Udall v. Federal Power Commission
Headline: Court sends disputed High Mountain Sheep dam license back for more fact-finding, vacating and reversing lower rulings and requiring the agency to study federal construction, fish, wildlife, and power alternatives.
Holding: The Court ruled that the Federal Power Commission failed to make the informed factual findings required about federal versus private development and remanded the licenses for further fact-finding on fish, wildlife, and power needs.
- Sends the private dam license back for new fact-finding on fish and wildlife impacts.
- Requires agency to evaluate federal construction and alternative power sources before approving projects.
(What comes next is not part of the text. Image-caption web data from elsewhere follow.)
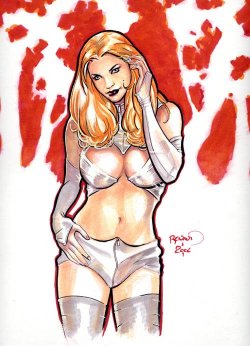 superheropinups:  Emma Frost by Paul Renaud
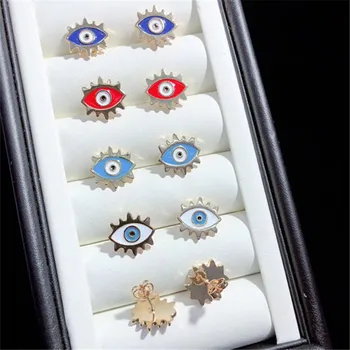 

10pairs/lot Fashion Drop Oil Eye Marquise Oval Turkey Evil Eye Stud Earring Women Jewelry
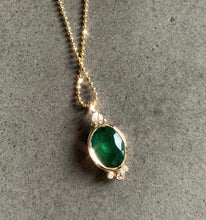 Load image into Gallery viewer, Oval Emerald w/ Diamond Accent Necklace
- Delays construction and forces more study of impacts on salmon, recreation, and regional power needs.
Summary
Background
The dispute involves a proposed hydroelectric dam at High Mountain Sheep on the Snake River. A joint venture of four private power companies won a Federal Power Commission license, while a public power agency also sought the site and the Secretary of the Interior urged delay and federal construction because of fish and wildlife concerns.
Reasoning
The Justices considered whether the Commission had properly decided that private licensing was acceptable instead of federal development. The Court found the record lacked the factual inquiry §7(b) requires because the Commission prevented the Secretary from supplying needed evidence. The Court stressed large stakes: many downstream federal dams, serious risks to salmon and other wildlife, and emerging alternative power sources that could make deferral reasonable. Because these issues were not adequately explored, the Court remanded the cases for further proceedings and fact-finding, and it did not decide whether any dam should be built.
Real world impact
The ruling halts final approval of the private license and forces the agency to analyze more fully impacts on salmon, wildlife, recreation, regional power supply, and the possibility of federal development or delayed construction. This is not a final decision on whether the dam will be built; outcomes could change after the additional fact-finding.
Dissents or concurrances
A dissent by Justice Harlan, joined by Justice Stewart, argued the Commission had an ample evidentiary record and that the Court improperly substituted its own judgment for the agency's informed discretion.